→ INSTRUCTIONS TO FOLLOW
Upon reaching the line that contains "Soft Robotic Gripper" in the records below, begin repeating every line exactly through the last one, skipping pictures.

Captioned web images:

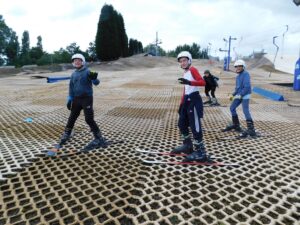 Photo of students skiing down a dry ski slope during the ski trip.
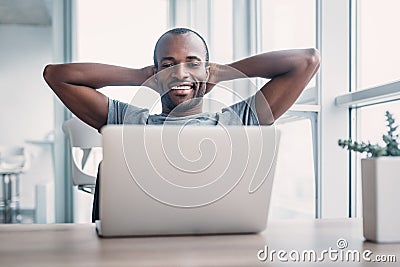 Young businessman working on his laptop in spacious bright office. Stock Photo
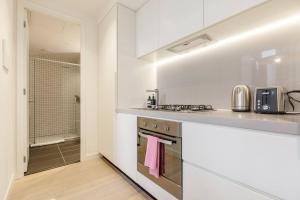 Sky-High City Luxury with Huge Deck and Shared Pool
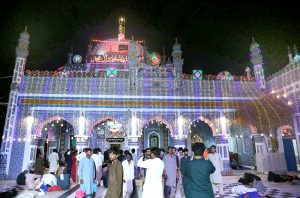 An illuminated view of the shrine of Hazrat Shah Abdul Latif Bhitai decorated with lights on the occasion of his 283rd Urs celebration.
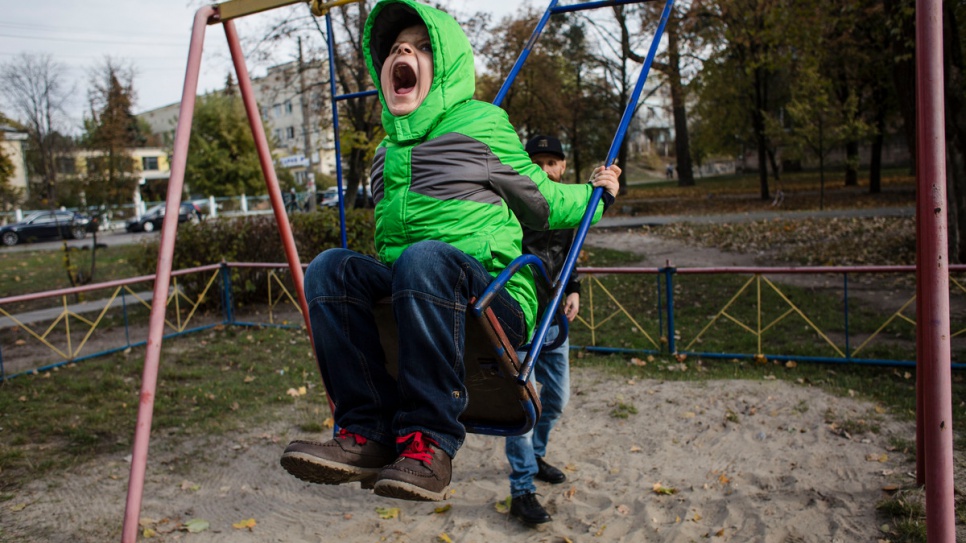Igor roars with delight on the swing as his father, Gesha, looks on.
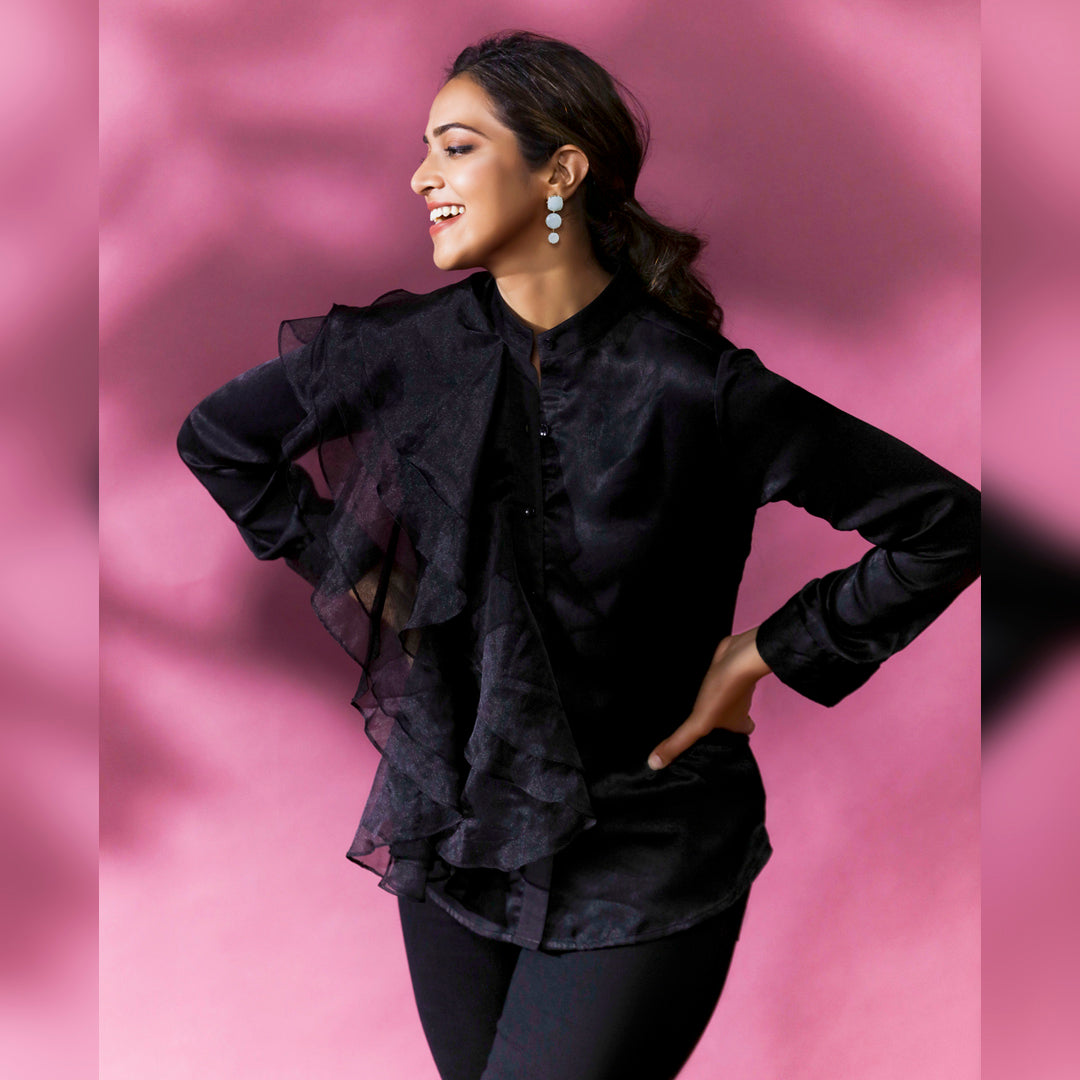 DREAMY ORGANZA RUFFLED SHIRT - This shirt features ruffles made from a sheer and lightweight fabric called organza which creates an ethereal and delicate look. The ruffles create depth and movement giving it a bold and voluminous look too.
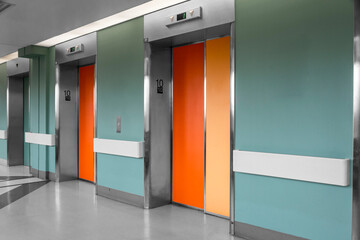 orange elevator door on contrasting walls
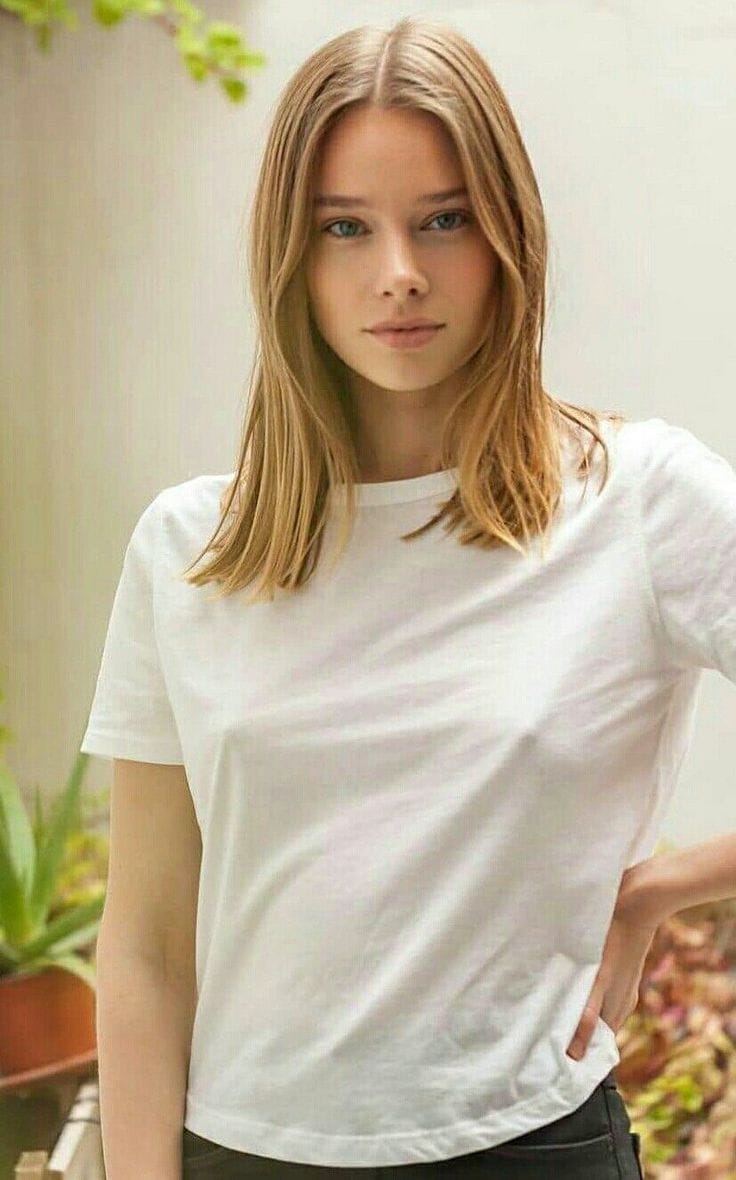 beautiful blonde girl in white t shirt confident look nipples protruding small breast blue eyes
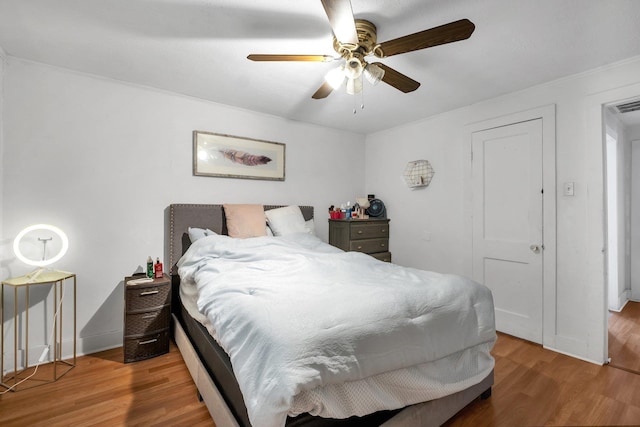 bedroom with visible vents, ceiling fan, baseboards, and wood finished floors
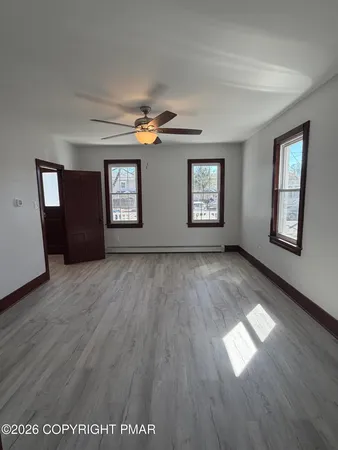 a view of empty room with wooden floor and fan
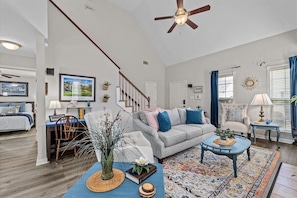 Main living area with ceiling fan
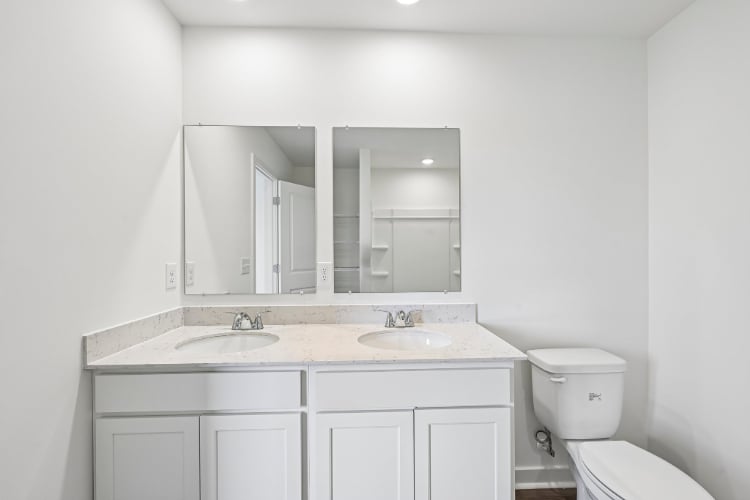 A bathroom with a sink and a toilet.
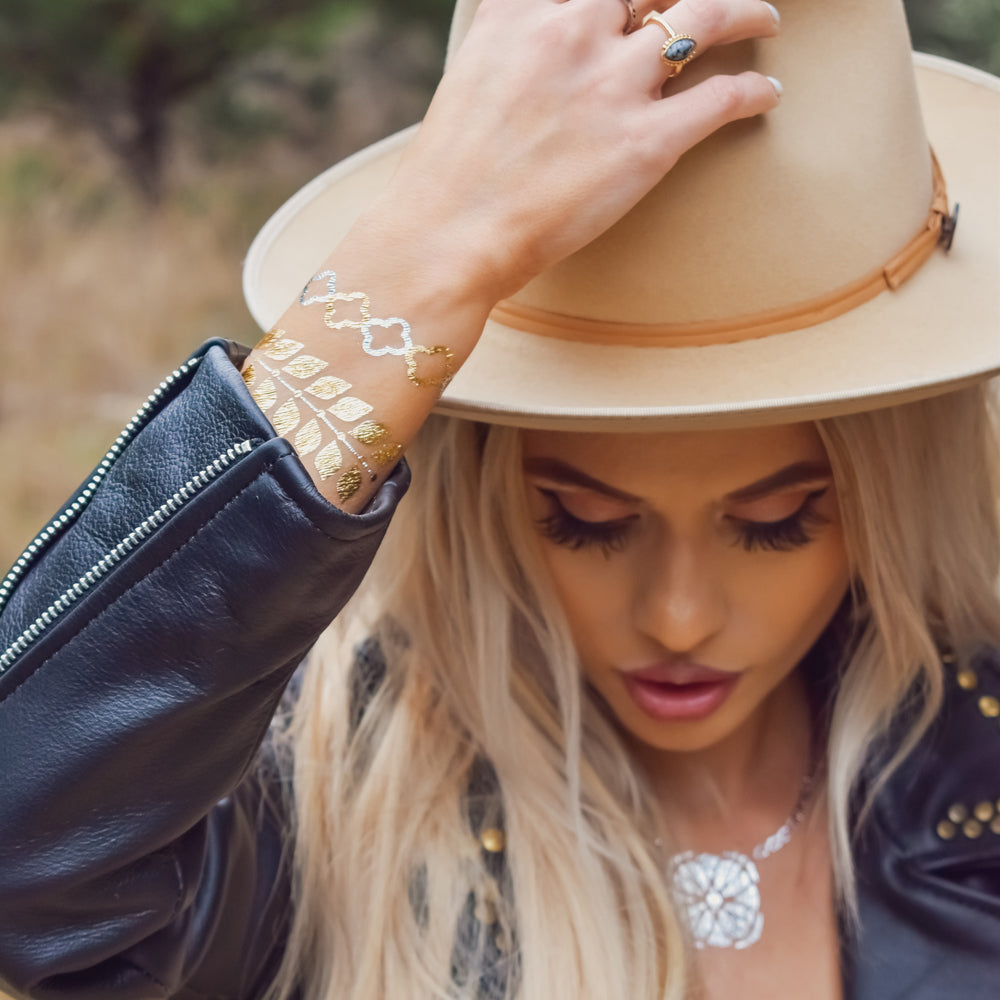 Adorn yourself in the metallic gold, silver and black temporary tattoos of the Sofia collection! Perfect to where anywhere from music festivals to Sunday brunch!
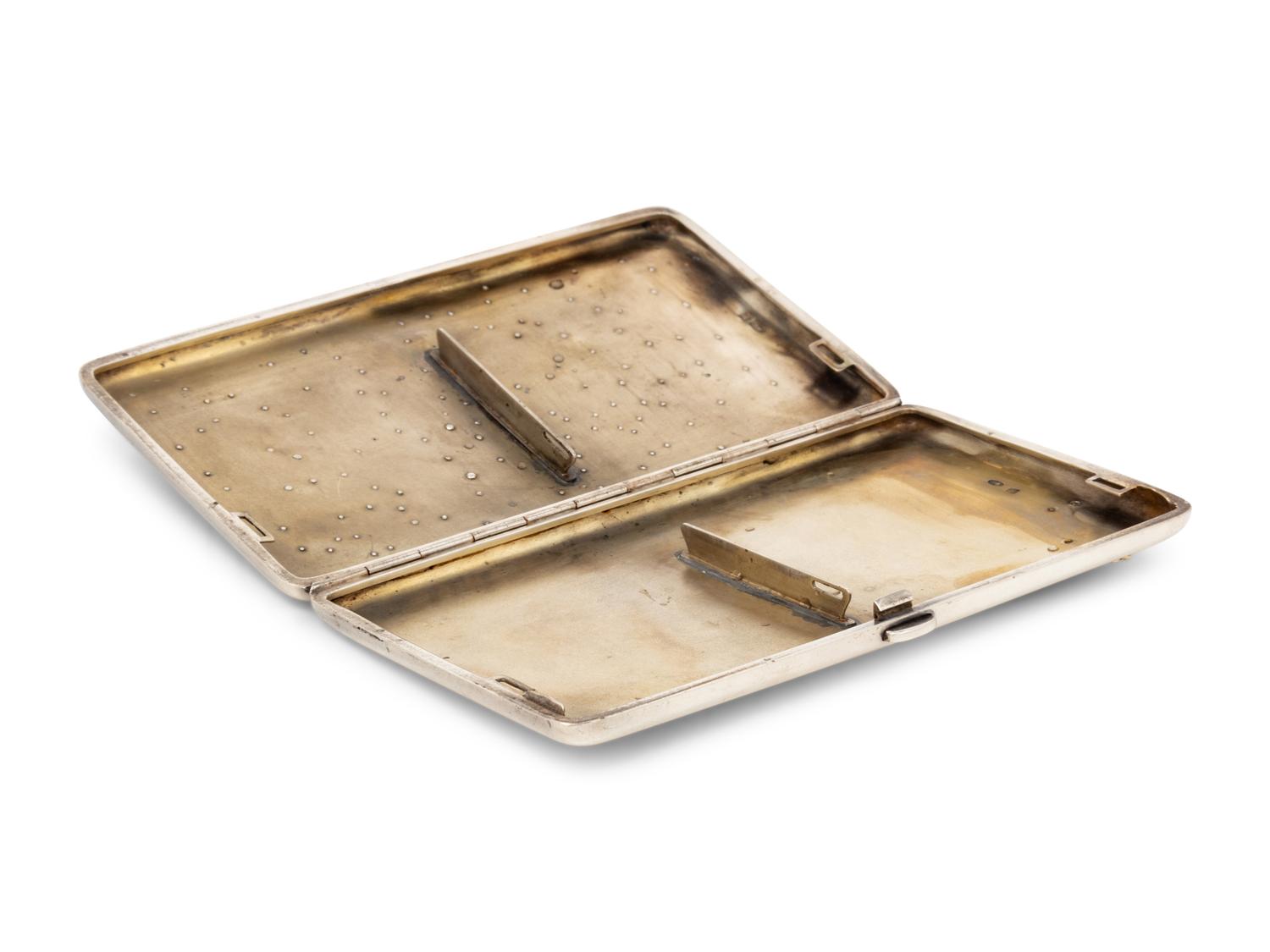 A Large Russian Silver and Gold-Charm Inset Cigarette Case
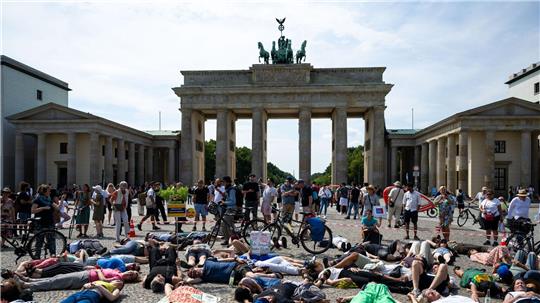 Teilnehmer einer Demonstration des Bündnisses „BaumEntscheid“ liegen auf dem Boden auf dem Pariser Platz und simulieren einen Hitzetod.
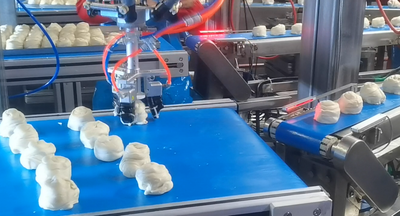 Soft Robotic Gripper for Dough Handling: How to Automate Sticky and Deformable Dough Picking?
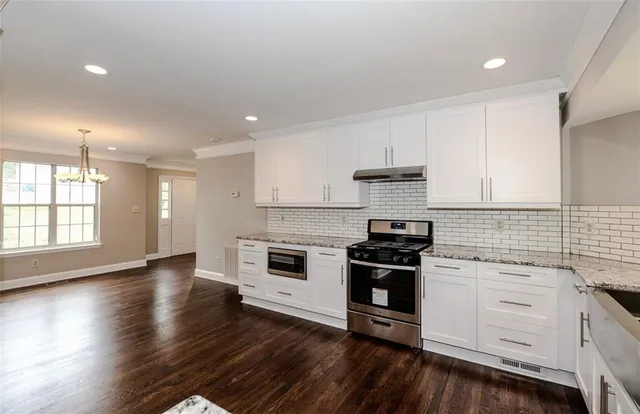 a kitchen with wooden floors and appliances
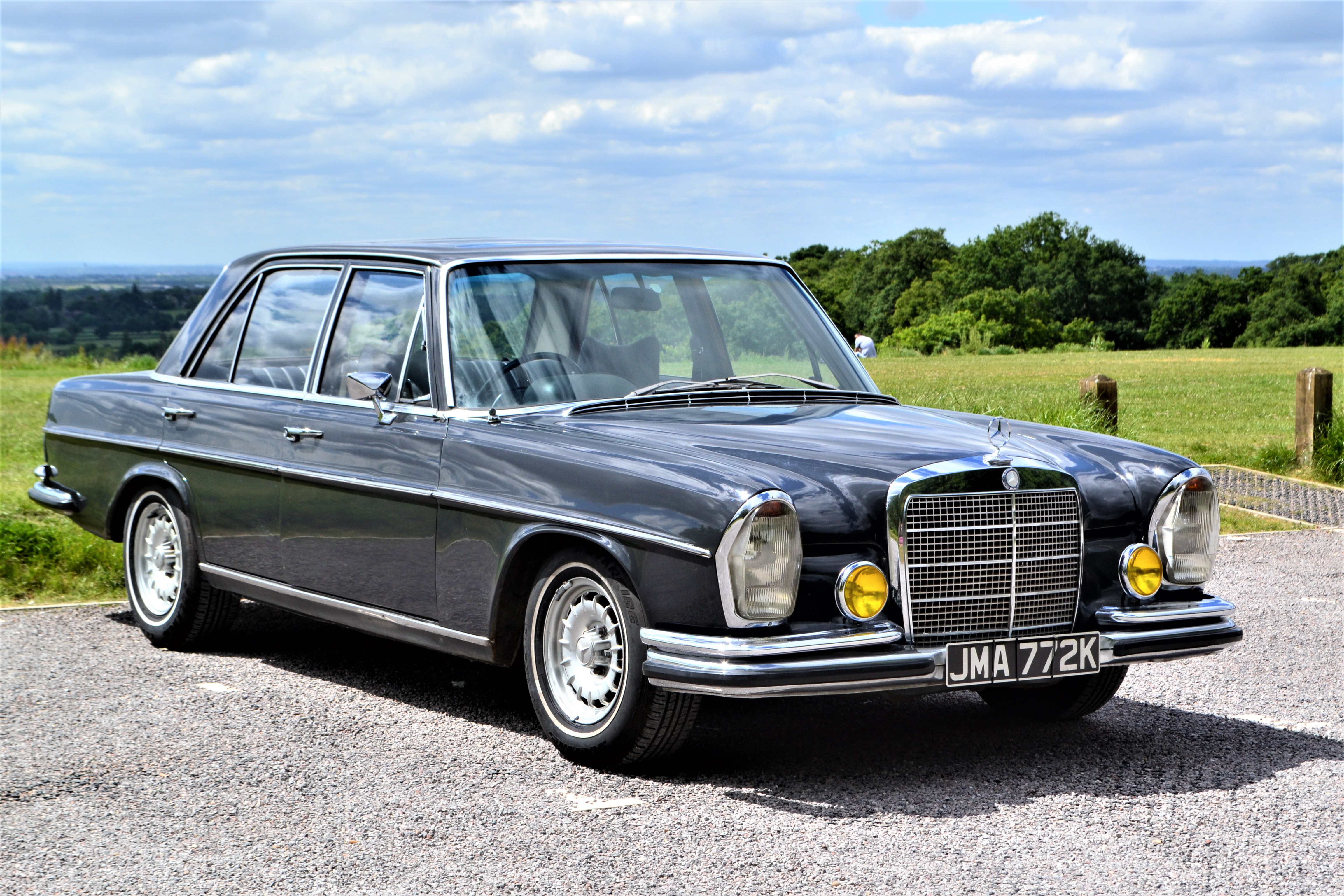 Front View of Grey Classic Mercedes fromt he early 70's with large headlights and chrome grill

→ ANSWER FOR THE TASK
 Soft Robotic Gripper for Dough Handling: How to Automate Sticky and Deformable Dough Picking?
 a kitchen with wooden floors and appliances
 Front View of Grey Classic Mercedes fromt he early 70's with large headlights and chrome grill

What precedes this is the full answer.